Note the type of enlarger makes a difference
I use a Vivitar V1. The unique "light pipe" means no heat transfer at all from light source to neg. The neg carriers are glassless - why introduce more surfaces if they are unnecessary?
Well, heat is not the only consideration. There is no guarantee the negative will lie perfectly flat. It depends on the type of film, size of the negative, carrier, clamping force, ambient temp/humidity. The point is there isn't much depth of focus at the negative stage. I'd rather use glass and not deal with any of these potential problems.
Glassless won't assure you clean negatives! Dust can still blow around and land on your negative;
and I'd rather have the glass in between to keep minor dust out of focus at least. But from a quality
standpoint, glass is a necessity if you want precise results. If you don't ... that's another story.
I use glassless in my D 3 for 35mm to 6X9 and glass for 4X5, I have seen some warping with 4X5. I just took down my Durst 601 which had a glass type carrier and did not have issues other than cleaning and dusting more surfaces, when you live the Desert can be a real pain.

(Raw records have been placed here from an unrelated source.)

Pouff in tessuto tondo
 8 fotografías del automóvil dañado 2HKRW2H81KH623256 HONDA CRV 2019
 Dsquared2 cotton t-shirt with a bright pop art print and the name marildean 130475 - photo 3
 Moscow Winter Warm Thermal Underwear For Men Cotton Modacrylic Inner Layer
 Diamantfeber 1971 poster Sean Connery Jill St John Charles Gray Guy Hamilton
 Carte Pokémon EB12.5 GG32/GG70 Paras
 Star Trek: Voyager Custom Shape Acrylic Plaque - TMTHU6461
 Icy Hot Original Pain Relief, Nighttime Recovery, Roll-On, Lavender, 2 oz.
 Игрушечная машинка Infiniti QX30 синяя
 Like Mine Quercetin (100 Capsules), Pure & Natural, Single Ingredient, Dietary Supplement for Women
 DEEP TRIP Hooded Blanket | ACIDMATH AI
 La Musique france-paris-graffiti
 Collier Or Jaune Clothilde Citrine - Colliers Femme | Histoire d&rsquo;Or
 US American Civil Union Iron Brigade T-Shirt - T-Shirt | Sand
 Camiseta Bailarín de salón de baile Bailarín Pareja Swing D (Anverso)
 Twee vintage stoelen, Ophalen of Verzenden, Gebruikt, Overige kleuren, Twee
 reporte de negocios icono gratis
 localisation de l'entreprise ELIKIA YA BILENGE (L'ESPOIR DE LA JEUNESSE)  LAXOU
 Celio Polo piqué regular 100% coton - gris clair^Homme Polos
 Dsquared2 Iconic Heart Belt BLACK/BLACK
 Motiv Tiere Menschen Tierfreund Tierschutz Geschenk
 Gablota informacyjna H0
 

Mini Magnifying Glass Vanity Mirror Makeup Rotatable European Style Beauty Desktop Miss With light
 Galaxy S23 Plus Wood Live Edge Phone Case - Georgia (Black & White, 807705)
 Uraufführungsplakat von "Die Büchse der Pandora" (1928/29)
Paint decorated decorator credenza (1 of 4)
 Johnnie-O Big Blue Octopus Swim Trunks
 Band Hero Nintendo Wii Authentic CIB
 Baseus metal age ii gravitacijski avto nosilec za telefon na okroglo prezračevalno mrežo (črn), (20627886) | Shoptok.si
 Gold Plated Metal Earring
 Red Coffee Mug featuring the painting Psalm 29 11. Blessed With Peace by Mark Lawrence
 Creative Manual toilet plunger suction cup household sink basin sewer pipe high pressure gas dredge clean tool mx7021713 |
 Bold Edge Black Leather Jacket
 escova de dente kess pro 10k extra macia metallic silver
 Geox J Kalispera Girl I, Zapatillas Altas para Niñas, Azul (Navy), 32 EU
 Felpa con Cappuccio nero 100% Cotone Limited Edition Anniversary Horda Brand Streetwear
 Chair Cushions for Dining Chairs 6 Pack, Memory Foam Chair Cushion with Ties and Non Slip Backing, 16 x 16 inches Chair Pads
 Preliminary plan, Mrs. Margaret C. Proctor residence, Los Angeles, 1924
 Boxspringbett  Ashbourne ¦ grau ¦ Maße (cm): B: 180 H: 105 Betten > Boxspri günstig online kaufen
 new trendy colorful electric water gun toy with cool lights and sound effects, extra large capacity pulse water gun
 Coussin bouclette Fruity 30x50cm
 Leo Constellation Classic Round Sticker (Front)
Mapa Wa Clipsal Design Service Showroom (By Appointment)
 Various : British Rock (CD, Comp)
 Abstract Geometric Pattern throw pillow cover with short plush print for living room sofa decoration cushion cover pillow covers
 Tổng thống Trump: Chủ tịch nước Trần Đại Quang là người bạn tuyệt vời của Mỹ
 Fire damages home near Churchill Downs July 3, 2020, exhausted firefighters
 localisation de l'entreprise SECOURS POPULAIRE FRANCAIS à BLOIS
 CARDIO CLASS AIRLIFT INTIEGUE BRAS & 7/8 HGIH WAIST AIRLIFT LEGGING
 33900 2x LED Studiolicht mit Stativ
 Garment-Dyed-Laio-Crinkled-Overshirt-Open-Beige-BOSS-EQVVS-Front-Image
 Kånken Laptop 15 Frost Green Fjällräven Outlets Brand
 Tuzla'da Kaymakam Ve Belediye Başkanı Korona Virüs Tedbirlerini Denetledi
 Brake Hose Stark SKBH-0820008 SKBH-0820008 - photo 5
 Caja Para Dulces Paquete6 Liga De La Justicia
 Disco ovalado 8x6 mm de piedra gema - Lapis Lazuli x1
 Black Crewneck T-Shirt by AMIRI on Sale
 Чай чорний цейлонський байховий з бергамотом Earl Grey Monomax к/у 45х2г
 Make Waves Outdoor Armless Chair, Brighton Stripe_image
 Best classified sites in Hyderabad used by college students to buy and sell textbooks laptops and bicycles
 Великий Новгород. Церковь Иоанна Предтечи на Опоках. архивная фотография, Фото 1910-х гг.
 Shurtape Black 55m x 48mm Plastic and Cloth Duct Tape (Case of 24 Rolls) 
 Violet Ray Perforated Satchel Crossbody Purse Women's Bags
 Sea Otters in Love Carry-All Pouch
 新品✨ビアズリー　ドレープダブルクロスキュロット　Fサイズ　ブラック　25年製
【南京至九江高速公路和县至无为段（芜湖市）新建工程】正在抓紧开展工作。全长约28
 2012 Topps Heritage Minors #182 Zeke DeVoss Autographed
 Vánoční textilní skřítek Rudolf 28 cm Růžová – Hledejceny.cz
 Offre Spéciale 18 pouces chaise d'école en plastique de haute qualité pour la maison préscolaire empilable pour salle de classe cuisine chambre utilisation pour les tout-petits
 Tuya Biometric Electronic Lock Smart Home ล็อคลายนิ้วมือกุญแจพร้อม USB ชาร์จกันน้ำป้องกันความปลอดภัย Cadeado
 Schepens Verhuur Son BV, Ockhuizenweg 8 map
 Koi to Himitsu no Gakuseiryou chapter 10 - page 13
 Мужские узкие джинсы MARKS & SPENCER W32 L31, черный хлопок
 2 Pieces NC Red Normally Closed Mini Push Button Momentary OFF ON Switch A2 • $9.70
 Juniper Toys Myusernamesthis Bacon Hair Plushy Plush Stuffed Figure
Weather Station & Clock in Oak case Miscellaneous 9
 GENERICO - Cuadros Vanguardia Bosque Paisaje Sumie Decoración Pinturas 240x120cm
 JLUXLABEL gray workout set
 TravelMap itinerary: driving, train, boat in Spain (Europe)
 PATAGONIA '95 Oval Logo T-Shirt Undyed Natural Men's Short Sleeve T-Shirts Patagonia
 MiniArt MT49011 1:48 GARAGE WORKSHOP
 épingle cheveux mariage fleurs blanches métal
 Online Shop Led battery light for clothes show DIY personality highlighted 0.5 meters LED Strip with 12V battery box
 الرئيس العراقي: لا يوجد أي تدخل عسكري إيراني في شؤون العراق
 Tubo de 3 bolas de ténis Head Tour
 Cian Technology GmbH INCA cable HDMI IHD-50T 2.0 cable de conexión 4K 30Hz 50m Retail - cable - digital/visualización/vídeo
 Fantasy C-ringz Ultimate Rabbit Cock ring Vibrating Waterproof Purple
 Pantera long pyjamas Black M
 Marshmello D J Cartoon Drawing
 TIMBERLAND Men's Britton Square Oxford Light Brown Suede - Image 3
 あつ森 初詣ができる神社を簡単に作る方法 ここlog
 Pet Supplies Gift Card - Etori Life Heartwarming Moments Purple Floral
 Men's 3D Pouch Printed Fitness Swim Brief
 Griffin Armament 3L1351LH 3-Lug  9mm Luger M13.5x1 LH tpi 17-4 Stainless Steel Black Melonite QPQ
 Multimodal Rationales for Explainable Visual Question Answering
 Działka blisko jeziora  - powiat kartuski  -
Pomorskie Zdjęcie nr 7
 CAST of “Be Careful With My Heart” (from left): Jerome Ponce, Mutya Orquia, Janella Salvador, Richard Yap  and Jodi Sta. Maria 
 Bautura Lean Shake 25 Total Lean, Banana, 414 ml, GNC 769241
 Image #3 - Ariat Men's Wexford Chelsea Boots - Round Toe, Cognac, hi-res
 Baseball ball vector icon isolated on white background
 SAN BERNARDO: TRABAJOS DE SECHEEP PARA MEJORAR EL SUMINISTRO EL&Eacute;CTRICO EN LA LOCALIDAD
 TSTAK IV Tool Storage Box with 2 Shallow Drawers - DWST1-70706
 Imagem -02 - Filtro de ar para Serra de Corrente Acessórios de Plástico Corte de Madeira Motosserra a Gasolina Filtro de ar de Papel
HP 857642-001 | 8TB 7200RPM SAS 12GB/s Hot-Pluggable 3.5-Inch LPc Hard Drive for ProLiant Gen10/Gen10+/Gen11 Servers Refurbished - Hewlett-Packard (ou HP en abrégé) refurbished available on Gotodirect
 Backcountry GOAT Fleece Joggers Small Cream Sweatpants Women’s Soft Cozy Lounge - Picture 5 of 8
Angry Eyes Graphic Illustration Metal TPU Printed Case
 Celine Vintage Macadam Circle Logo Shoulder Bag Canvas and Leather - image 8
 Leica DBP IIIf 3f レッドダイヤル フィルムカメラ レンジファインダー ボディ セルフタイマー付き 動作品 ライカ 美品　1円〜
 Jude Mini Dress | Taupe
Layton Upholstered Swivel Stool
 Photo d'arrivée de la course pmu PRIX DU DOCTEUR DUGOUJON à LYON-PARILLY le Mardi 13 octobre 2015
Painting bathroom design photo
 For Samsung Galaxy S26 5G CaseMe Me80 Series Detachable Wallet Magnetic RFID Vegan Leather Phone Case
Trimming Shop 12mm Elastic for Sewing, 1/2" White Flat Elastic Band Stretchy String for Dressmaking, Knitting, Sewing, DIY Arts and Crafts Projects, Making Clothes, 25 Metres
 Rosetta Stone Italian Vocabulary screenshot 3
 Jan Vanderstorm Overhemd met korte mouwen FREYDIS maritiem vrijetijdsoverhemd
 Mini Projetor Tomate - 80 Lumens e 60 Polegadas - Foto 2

Yeah, the clay out on some windy playa can really be a nuisance too. For winter desert use, I'd
have a big nail attached to some speaker wire and an alligator clip at the other end, so I could static
ground my Sinar view camera. And, of course, anti-static spray on the filmholders. SLR's, esp MF
ones can be an even bigger headache, because once a little dust gets inside the shutter curtain
and mirror movement drives it where it will inevitable cause trouble. Made me dread changing lenses.
I cut my teeth printing big Cibachromes, which are almost impossible to retouch, so learned to be
very careful with dust, whether in the field or in the darkroom.